Em nenhum momento, entretanto, os
acontecimentos da cavalgada podem ser
considerados apenas uma encenação, um teatro.
Há, por parte dos cavaleiros e dos organizadores,
um enorme respeito por toda a história. É admirável
a seriedade com que os sertanejos tratam os fatos
acontecidos em 1838 e sua recriação atual. Toda a
cidade se prepara para receber a cavalgada.
Bandeiras de estilo medieval, arcos e faixas
ornamentam São José do Belmonte. Às 5h, na
manhã do domingo, os cavaleiros começam a
chegar à praça da matriz. Dantas Suassuna, filho
de Ariano e rei da cavalgada, é saudado pelos
participantes. “Bom dia, meu rei”, cumprimentam.
Antes do dia raiar, cavaleiros, vaqueiros e curiosos
lotam a praça. Às 6h, é anunciada a partida. Ao
som da banda de pífanos o grupo se despede da
cidade.
Jornada aos encantos e poesia da Pedra do Reino
O cenário não poderia ser mais adequado a uma
cavalgada: o Sol nascendo, o pátio de uma igreja,
um padre para abençoar o grupo, uma banda de
pífanos tocando, pessoas reunidas para se despedir
e desejar boa sorte aos cavaleiros e às poucas
amazonas. Foi assim que começou a Cavalgada da
Pedra do Reino, que acontece há seis anos, no
último final de semana de maio, na cidade de São
José do Belmonte. Quando uma explosão de fogos
de artifício anunciou a partida dos cavaleiros, mas
de 250 deles já estavam reunidos. Eles largam para
uma jornada de mais de quatro horas, num
percurso de 30 quilômetros de estrada íngreme e
poeirenta.
Durante o trajeto, outros vaqueiros e cavaleiros –
alguns de primeira viagem – vão se juntando ao
grupo, que terminou com mais 350 participantes.

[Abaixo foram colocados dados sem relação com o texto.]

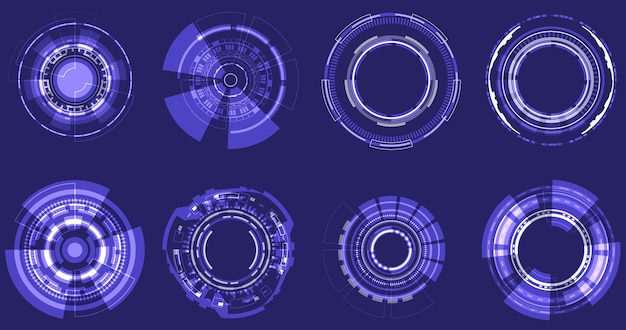 Círculo holográfico futurista de elementos de enfoque Diseño redondo de ciencia ficción Colimador militar Colección de vista Circuito HUD Conjunto de visor de cámara Ingeniería digital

Em 1997, o número chegou a 800 cavaleiros. Este
ano, segundo os organizadores do evento, a seca
atrapalhou a jornada. Uma das ausências mais
sentidas foi a se “seu” Zeca Mirom. Ele é o
idealizador da cavalhada, que acontece no sábado
à tarde. Como fez uma cirurgia no rosto e não
queria tomar muito sol, evitou fazer o percurso.
Quando Ariano Suassuna perguntou se ele não
gostaria de ir de carro, o vaqueiro recusou a oferta.
“Se fosse para eu ir, preferia ir à cavalo. De carro
não tem a mesma graça”, lamentou.
Ele tem razão. Das pessoas que agüentam o
percurso, nenhuma se arrepende de tê-lo feito.
Claro que o passeio é mais duro para os que não
estão acostumados, mas o espetáculo é grandioso.
Nas quatro horas de cavalgada, os vaqueiros mais
antigos vão aboiando, soltando versos e cantando
loas. A paisagem é árida e o Sol não dá sossego,
mas os sertanejos vão oferecendo água aos
cavaleiros para tornar o caminhos mais ameno.